17 Maggio 2004
Parisi: la nostra determinazione non è fuggire dall’Iraq ma uscire dalla guerra
La nostra posizione è esattamente opposta a quella esposta da Frattini a nome del governo. Al governo che dice “se gli iracheni ce lo chiederanno noi andremo via” noi rispondiamo “noi resteremmo solo se, su richiesta degli irakeni, l’Onu assumesse la guida di un intervento al servizio della pacificazione dell’Iraq”: al servizio della pace in unione con l’Europa e con i paesi arabi moderati, in un quadro istituzionale e sotto una catena di comando radicalmente diversa da quella che ha guidato la guerra. La nostra determinazione non è a fuggire dall’Iraq, ma ad uscire subito dalla guerra nella quale siamo coinvolti. Definire la nostra posizione, come l’ha definita il governo, di “alleati non belligeranti” e’ una grave ipocrisia. Così come è impossibile uscire da una guerra se non si riconosce di esserci finiti dentro.

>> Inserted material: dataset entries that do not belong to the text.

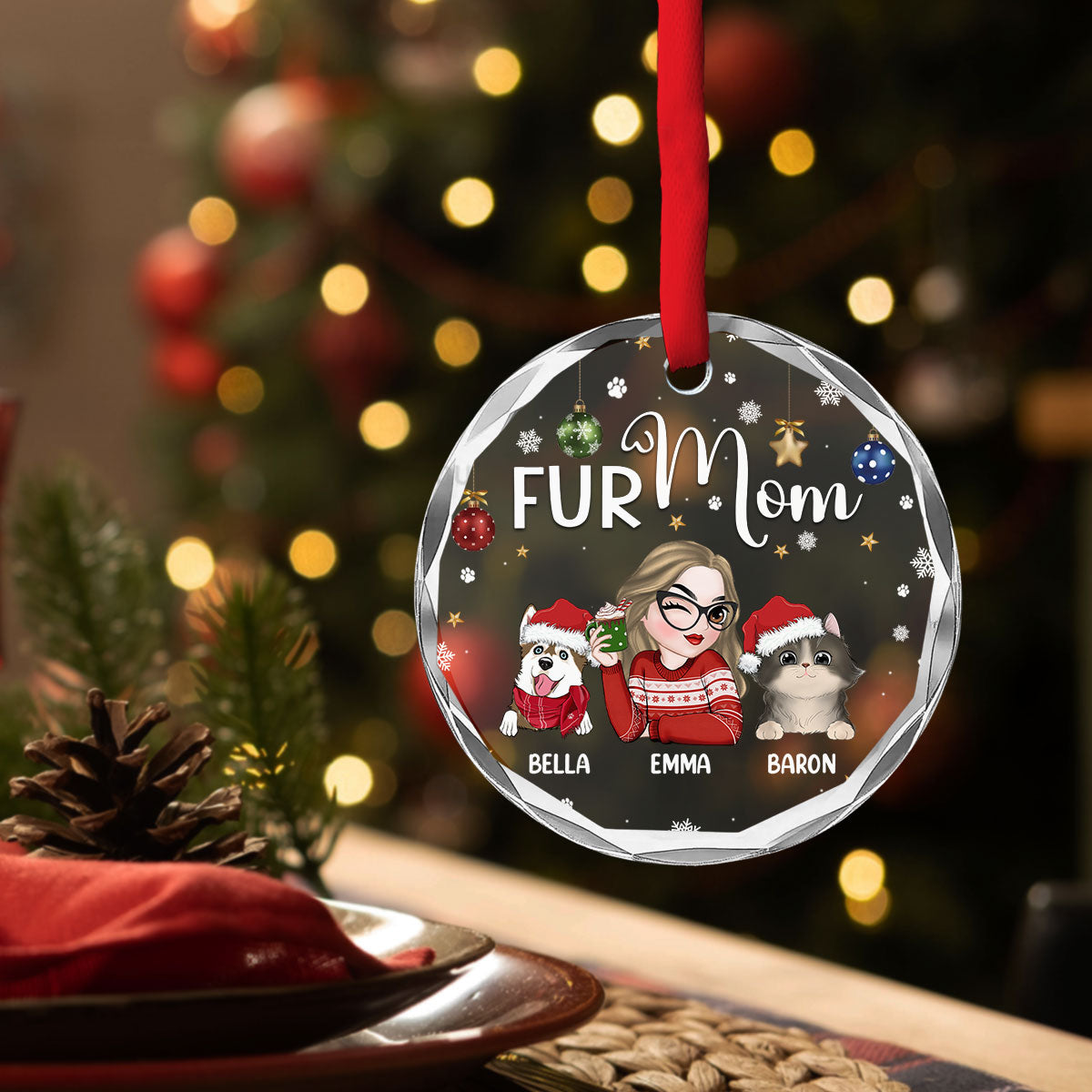 Fur Mom - Personalized Glass Ornament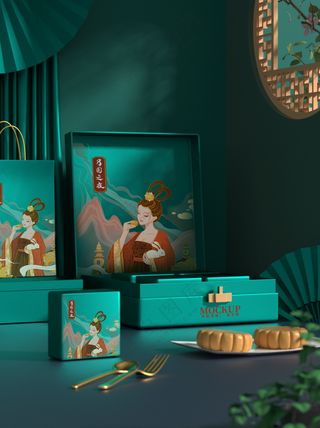 绿色中式传统中秋节月饼礼盒包装psd样机005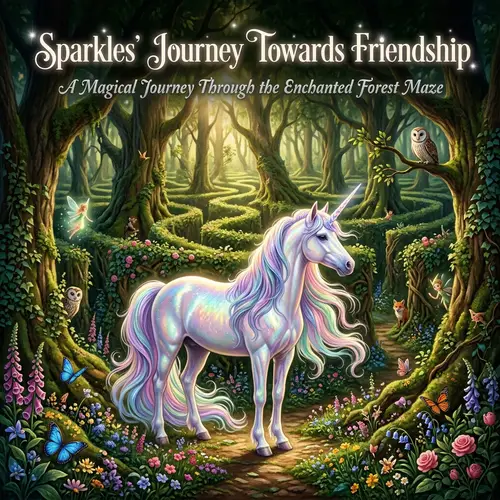 Sparkles' Journey: Ethereal Unicorn in Enchanted Forest Maze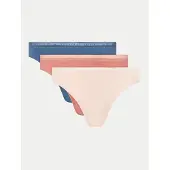 Tommy Hilfiger Femmes, Sous-vêtements, Slips de bikini pour femmes en pack de 3, Multicolore, Bleu, Rose, (Lot de 3, S)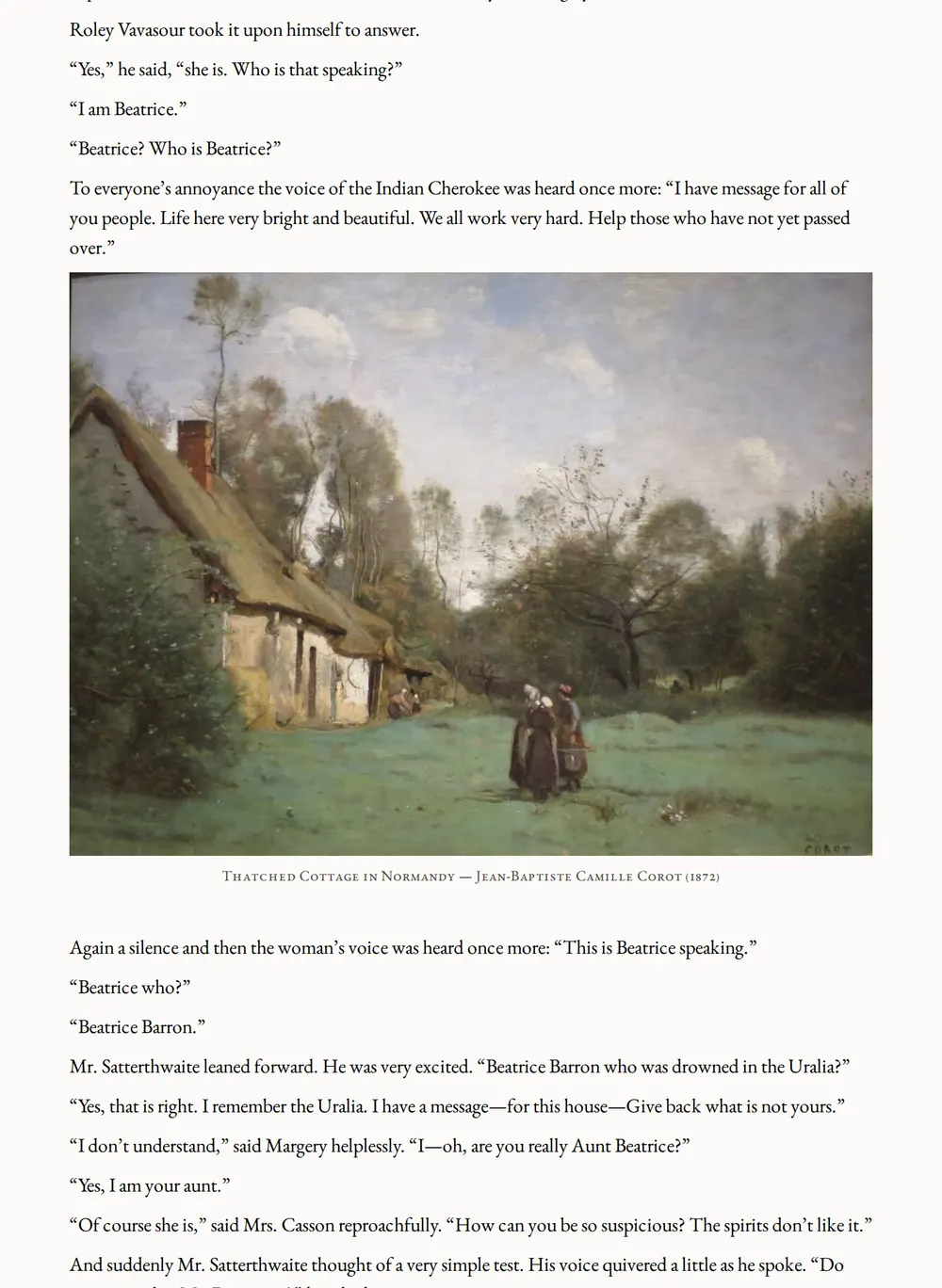 A page of The Mysterious Mr. Quin as set for this edition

I drammatici fatti nei quali sono coinvolte le nostre truppe a Nassiriya sono la prova di quanto andiamo ripetendo da tempo: che una cosa era non partire per una guerra ingiusta nella quale il governo ci ha coinvolto, una cosa è tornare dopo che l’incendio è stato purtroppo appiccato. Nonostante la nostra avversione al governo e alla sua politica di sudditanza alla amministrazione Bush, non possiamo dimenticare che i nostri soldati sono là perchè mandati da un governo che resta nonostante tutto, nostro. Anzi proprio i limiti della linea del nostro governo che sembra nascondere le proprie responsabilità dietro l’argomento che i nostri soldati sono andati lì volontariamente ci fa sentire responsabili della loro vita e impegnati al loro fianco perchè escano al più presto dalla guerra col minor numero di sofferenze per loro e per gli iraqeni innocenti. Tutto il resto è dettaglio inutile. Ripeto: l’obiettivo è uscire dalla guerra non fuggire dall’Iraq. Solo in questo contesto i rischi ai quali i nostri soldati sono stati esposti dal nostro governo possono trovare un loro senso.